Bass Pro has an off/on military discount 
program. It is on again right now. 

Always ask if they are offering it though
and check your receipts to make sure
you got the discount. They mess up 
sometimes. I love the Okuma coronada
reel myself.


----------



## CrawFish (Sep 23, 2003)

I'm not trying to get you spend lots of money on a reel, but you might want to consider the shimano stradic for the purpose of the okuma reel. The stradic costs alot more, but it's just a pleasure to fish with and it should last a lot longer than the okuma. Those okuma won't last you half a season on the salt water. Maybe it's jut me being too hard on my gears.


----------



## chris storrs (Aug 25, 2005)

i have several okumas.av 50,av 65,and tp 80.IMO they all suck and only got them b cuz they were at" bargain" price.i would get a diawa if i ever got another spinner,but that wont happen cuz im using all conventionals now,and will never go back


----------



## Talapia (Apr 27, 2003)

Got to respectfully disagree with you on that
one. I have had my Okuma Coronado 
going on 3 years now and it is as good as
the day I got it. I have had 2 Avengers
for 2 years and they are hard to beat *for
the price.* I do like the way those
Daiwa Hard Bodyz look though  

I would put the Coronado up against 
any reel in the $60 range out there.


----------



## Armyguy (Oct 10, 2005)

Okuma is awesome... An avid fishing store salesman recommended this reel to me... I used the Okuma 20 for freshwater all year.. and i even used it for saltwater.... Okuma is an up and coming name brand for a great price! I either spend $39.99 on an okuma or spend $200 on a high-end reel, but i would not waste my money on anything else... 

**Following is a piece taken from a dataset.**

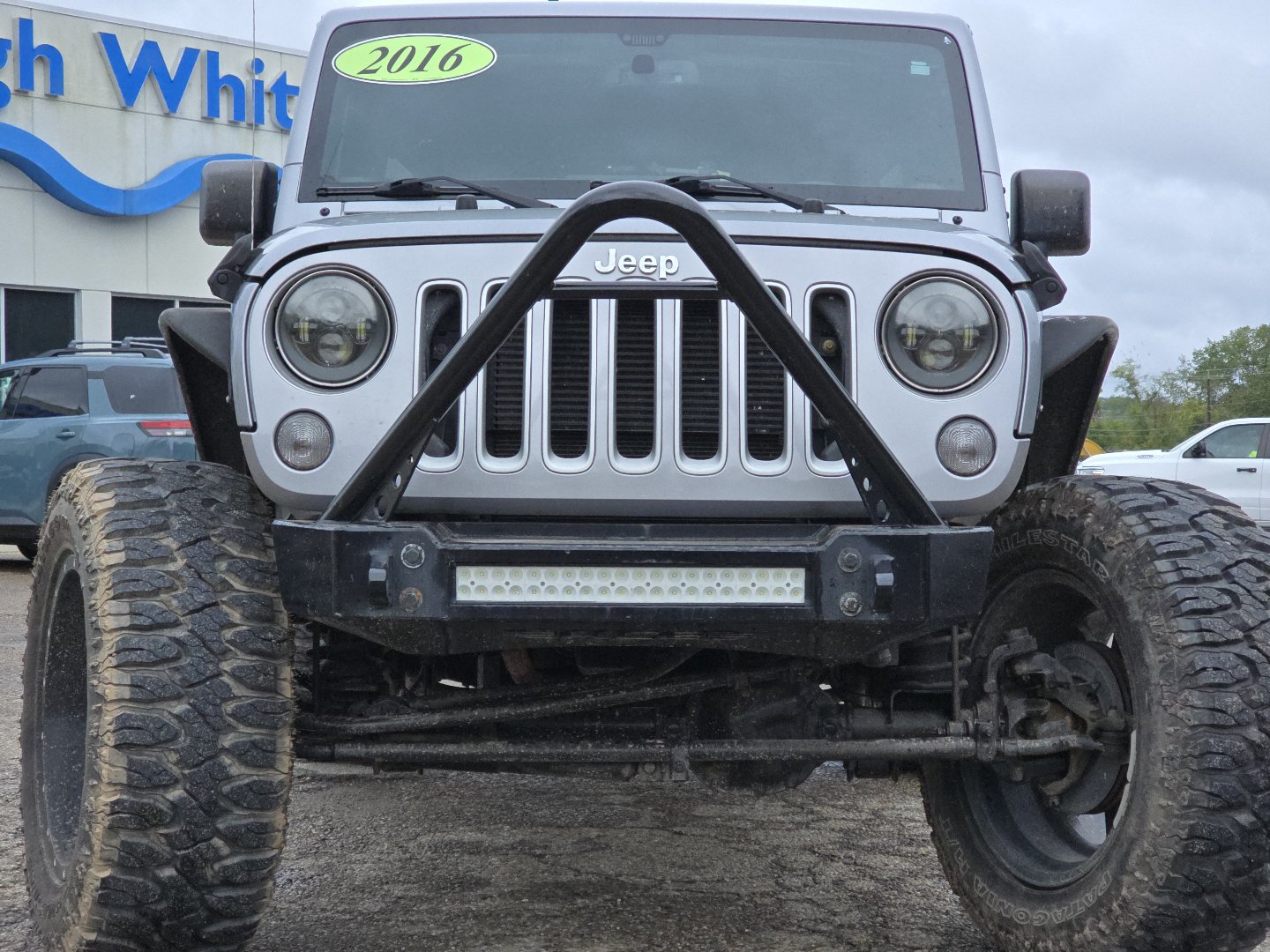 Used 2016 Jeep Wrangler Unlimited Sahara w/ Connectivity Group AWD/4WD image 44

I've personally used it, and i recommend it. It feels solid and very stable. Visit your local Dick's sporting good.. check them out yourself.

I only recommend OKUMA Stratus ST models... I guess AV sucks, but Okuma Stratus ST is a must on your next shopping. You can't find it anywhere except Dick's store.


----------



## Armyguy (Oct 10, 2005)

Talapia said:


> Bass Pro has an off/on military discount
> program. It is on again right now.
> 
> Always ask if they are offering it though
> ...


i asked if there were any "ANY" specials on fishing rod or reels... the salesman's response... "No" and he walked away.. haha.. I just stood there.. watching him walk away... 
I found an older gentleman.. he was a lot more helpful... There are some bone heads... i suggest avoiding younger kids..


----------



## brobert (Oct 18, 2005)

I have one of those reels , I bought along with an ugly stick for $50. 

Works perfect! I have no complaints .


----------



## NTKG (Aug 16, 2003)

chris storrs said:


> i have several okumas.av 50,av 65,and tp 80.IMO they all suck and only got them b cuz they were at" bargain" price.i would get a diawa if i ever got another spinner,but that wont happen cuz im using all conventionals now,and will never go back



yeahp thats says it all..


----------